Une fois cette étape franchie, une autre «aventure» commence: «Contrairement aux idées reçues, il n'y a pas que des génies et des surdoués en classe prépa. La majorité des étudiants triment pour pouvoir suivre le rythme des têtes de classe. (…) Je n'avais qu'un but: réussir à tout prix. Car jamais je n'aurais supporté de me retrouver recalée, après deux ans d'enfer. Cela aurait été une humiliation, un échec pour moi. Encore plus pour mes parents», confie Laïla, 21 ans, qui vient d'intégrer l'ESCP-EAP. Il est connu aujourd'hui que, sans assiduité, on perd très vite pied en prépa. Les étudiants doivent faire montre d'endurance physique et psychologique. Les cours, travaux dirigés et travaux pratiques, occupent une trentaine d'heures, auxquelles il faut ajouter les épreuves écrites (en général 4 h par semaine) et les interrogations orales (deux à trois heures par semaine). Ajouté à cela un travail personnel quotidien. La régularité du travail compte plus que le volume lui-même. C'est pour cela que les étudiants sont soumis à des évaluations régulières (colles, devoirs) qui les empêchent de décrocher sans qu'ils s'en rendent compte. Pour ceux qui arrivent à tenir jusqu'au bout des deux années, la partie n'est pas gagnée pour autant. Les «préparationnaires» doivent en effet réussir les concours écrits et oraux d'accès aux grandes écoles.

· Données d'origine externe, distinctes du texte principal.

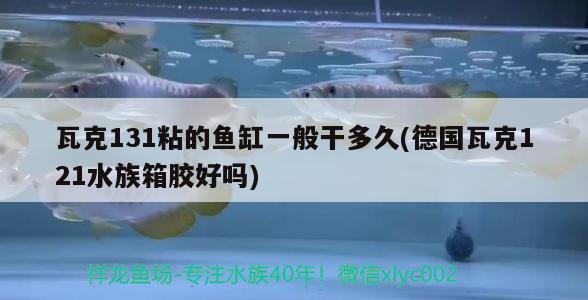 瓦克131粘的鱼缸一般干多久(德国瓦克121水族箱胶好吗) 鱼缸/水族箱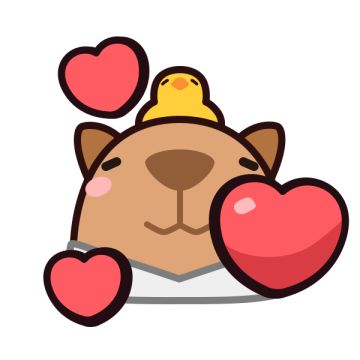 🧧碰宝们过年好呀！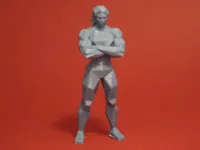 0.2mm layer, 2 walls, 15% infill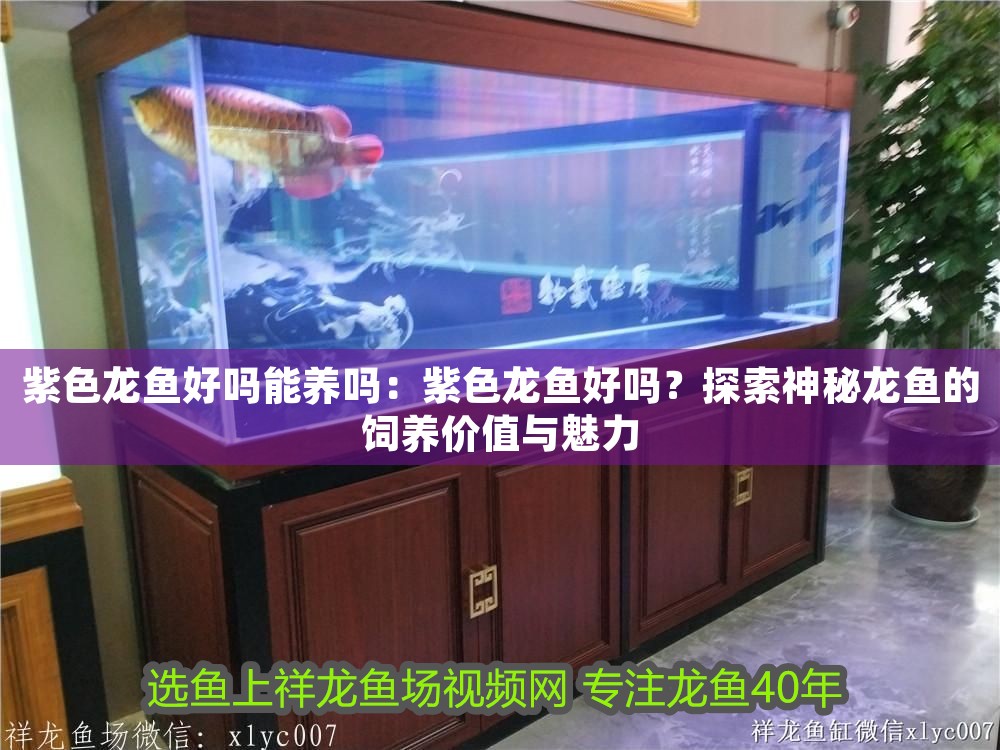 紫色龍魚好嗎能養嗎：紫色龍魚好嗎？探索神秘龍魚的飼養價值與魅力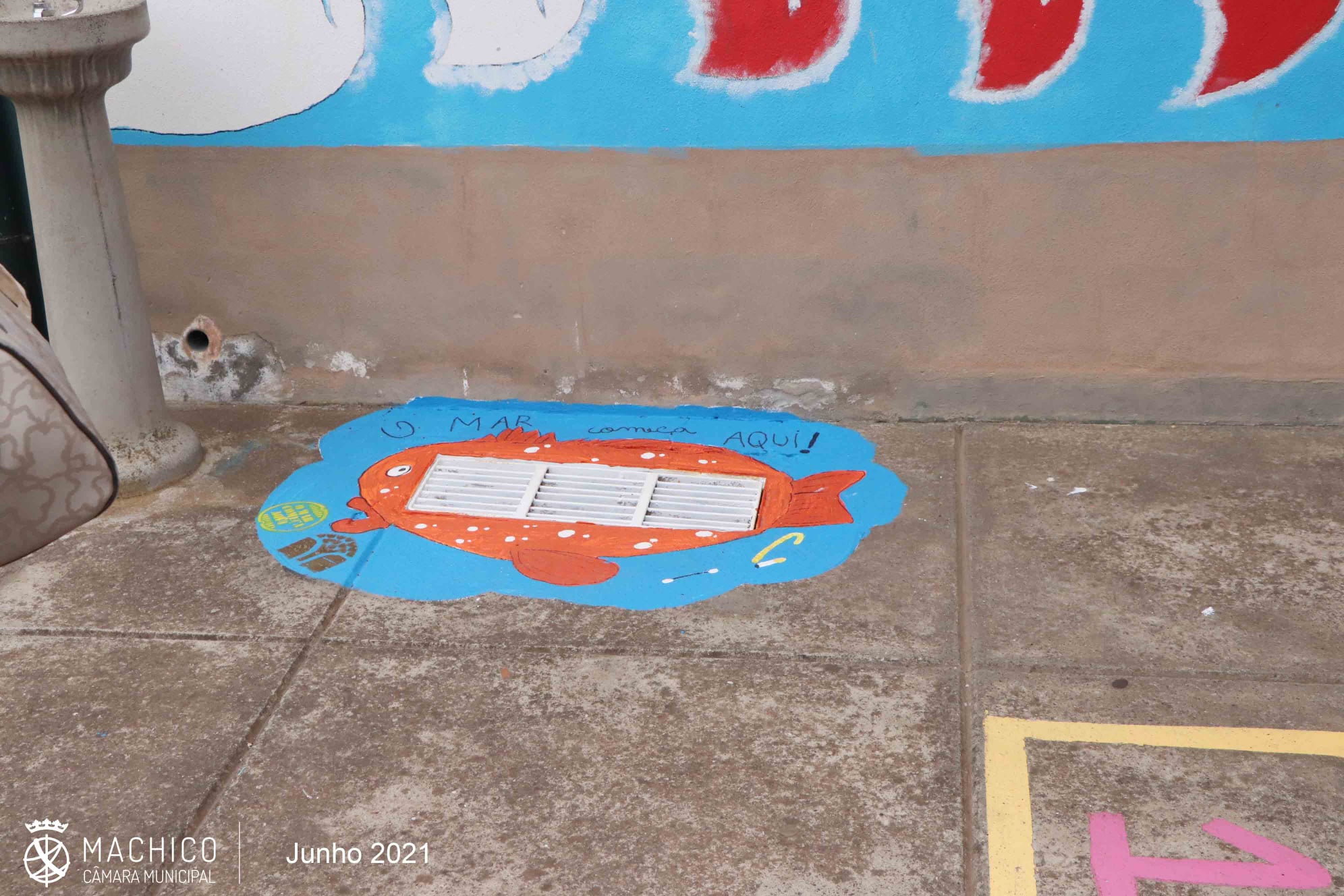 EB1/PE/C de Água de Pena<br />
foto no interior do pátio do edifício escolar, numa sarjeta, retratando um "mero"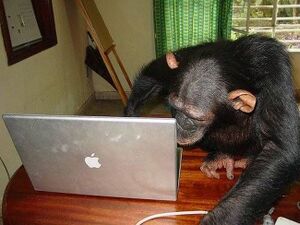 AppleUser Monkey.jpg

Là, pas de répit, ni de faveur non plus. La sélection aux concours d'entrée aux grandes écoles est sévère, très sévère même. Les recalés sont très nombreux, des dizaines de CPGE ne parvenant à intégrer aucun de leurs élèves.
C'est dire l'excellence et la détermination des étudiants marocains qui arrivent dire à bon port. En 2003-2004, les étudiants marocains dans les grandes écoles françaises étaient 2.712 sur un effectif total de plus de 25.000 étudiants étrangers, soit plus de 10% du total. Un score plus qu'honorable.
Ces «graines d'élite» sont probablement les meilleurs ambassadeurs du Maroc. Ailleurs comme ici. Car tous ne choisissent pas de s'installer à l'étranger. Ils sont bien au contraire de plus en plus nombreux à opter pour le retour au pays une fois leur diplôme en poche. Ainsi, un sondage réalisé par l'association Maroc Entrepreneurs en août 2006 auprès de 1.823 personnes (dont 70% sont âgés entre 21 à 30 ans et 70% disposent d'un niveau d'études supérieures ou égal à Bac+5) révèle que 86% des Marocains déclarent vouloir rentrer au bercail.
meilleure qualité de vie.
Maroc Entrepreneurs, créée en 1999 par des étudiants et des jeunes diplômés marocains de Grandes Ecoles françaises travaille à inciter la diaspora marocaine à l'étranger à rentrer. Présente à Paris et à Lyon, Maroc Entrepreneurs représente aujourd'hui le plus grand réseau d'étudiants et de diplômés marocains à l'étranger avec 6.666 membres.
D'autres associations oeuvrent dans le même sens. Mais il est sûr que ces jeune entités ne pourront à elles seules stopper la fuite des jeunes cerveaux marocains qui, pour une raison ou une autre préfèrent s'exiler définitivement sous des cieux plus cléments. Et demain, les portes de l'Eldorado européen ne feront que s'ouvrir davantage à eux pour mieux se fermer aux migrants «inutiles». L'hémorragie cérébrale ne fera alors qu'empirer.